[Activity] Retype every entry word for word. Omit the pictures.

---------- Dataset entries

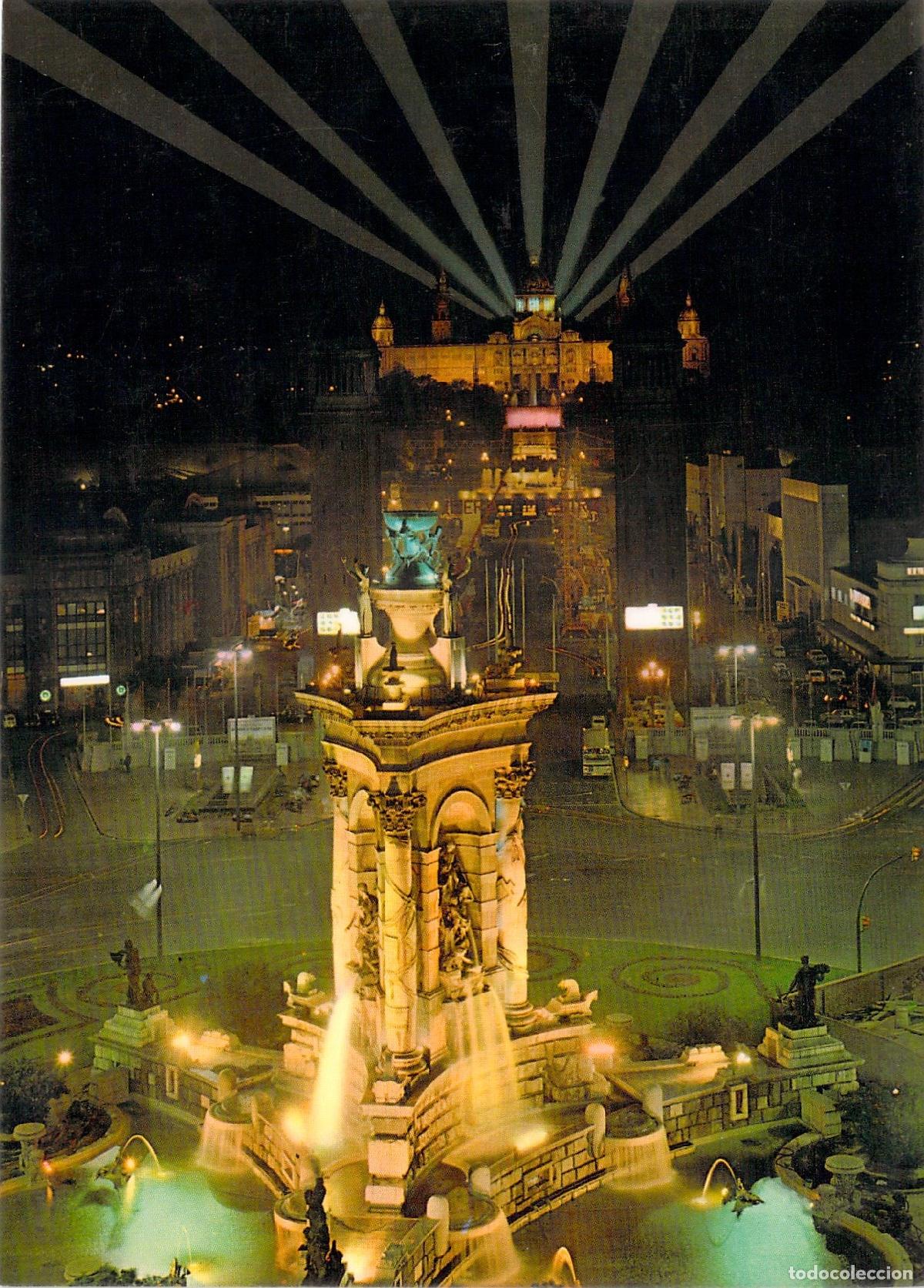 Postales: Postal de la Plaza de Espa&ntilde;a y Avenida Reina Maria Cristina en Barcelona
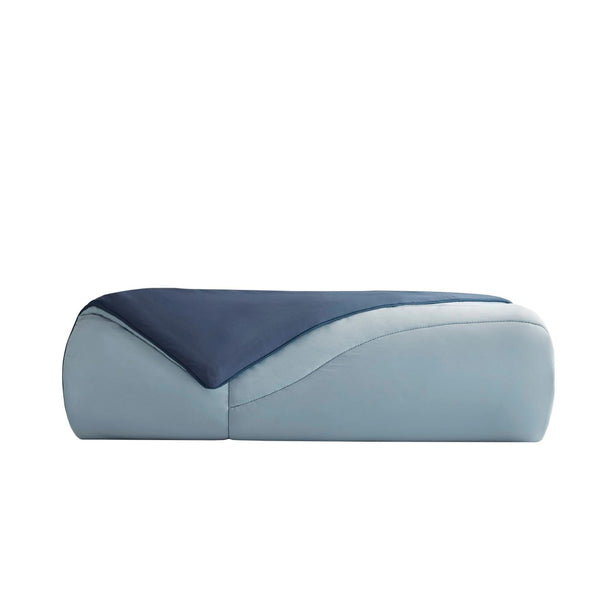 English Elm 1-piece Reversible Tencel Fill Comforter with Sculptural Weave for Full Queen Beds Blue B035P408281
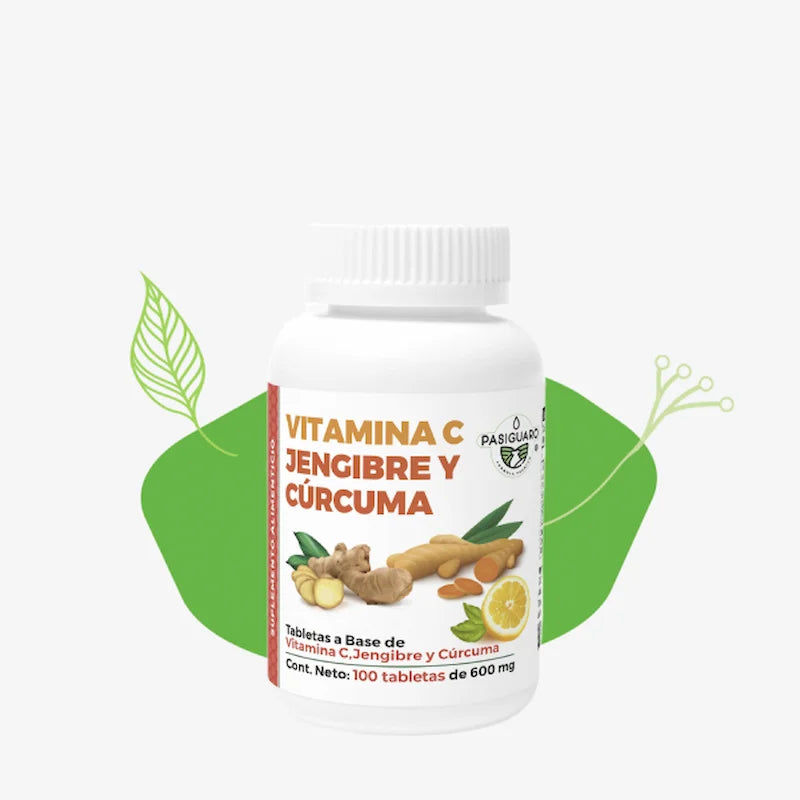 VITAMINA C, JENGIBRE Y CÚRCUMA 100 tabletas de 600 mg. Pasiguaro®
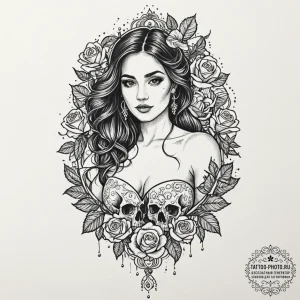Tattoo sketch aquarius's water-bearer comical... - эскиз тату (№1752253457_0, 11.07.2025 17:04) — tattoo-photo.ru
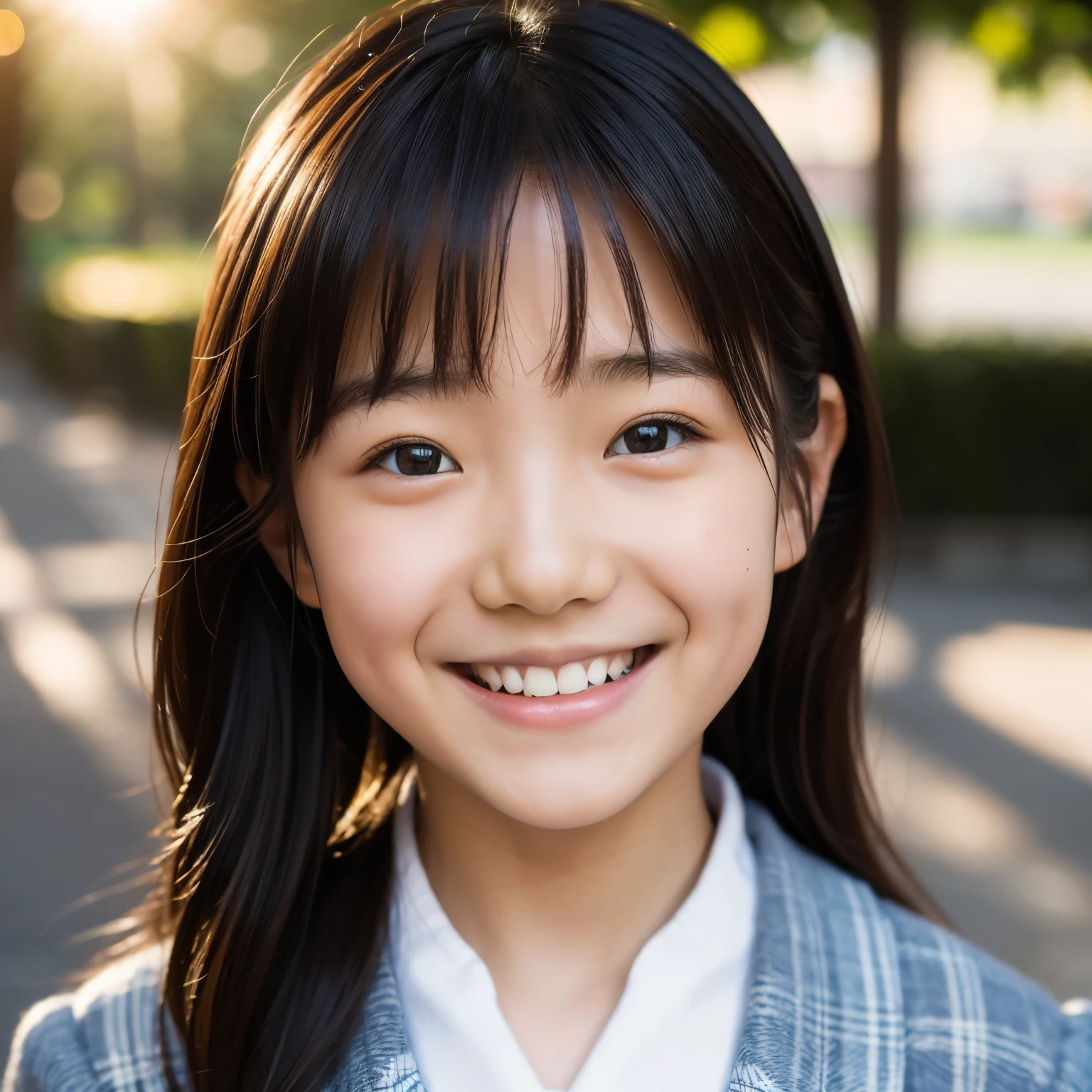 lens: 135mm f1.8, (highest quality),(RAW Photos), (Tabletop:1.1), (Beautiful 11 year old Japanese girl), Cute face, (Deeply chiseled face:0.7), (freckles:0.4), dappled sunlight, Dramatic lighting, (Japanese School Uniform), (On campus), shy, (Close-up shot:1.2), (smile),, (Sparkling eyes)、(sunlight)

--------------------

[Reply to the exercise]
 Postales: Postal de la Plaza de Espa&ntilde;a y Avenida Reina Maria Cristina en Barcelona
 English Elm 1-piece Reversible Tencel Fill Comforter with Sculptural Weave for Full Queen Beds Blue B035P408281
 VITAMINA C, JENGIBRE Y CÚRCUMA 100 tabletas de 600 mg. Pasiguaro®
Tattoo sketch aquarius's water-bearer comical... - эскиз тату (№1752253457_0, 11.07.2025 17:04) — tattoo-photo.ru
 lens: 135mm f1.8, (highest quality),(RAW Photos), (Tabletop:1.1), (Beautiful 11 year old Japanese girl), Cute face, (Deeply chiseled face:0.7), (freckles:0.4), dappled sunlight, Dramatic lighting, (Japanese School Uniform), (On campus), shy, (Close-up shot:1.2), (smile),, (Sparkling eyes)、(sunlight)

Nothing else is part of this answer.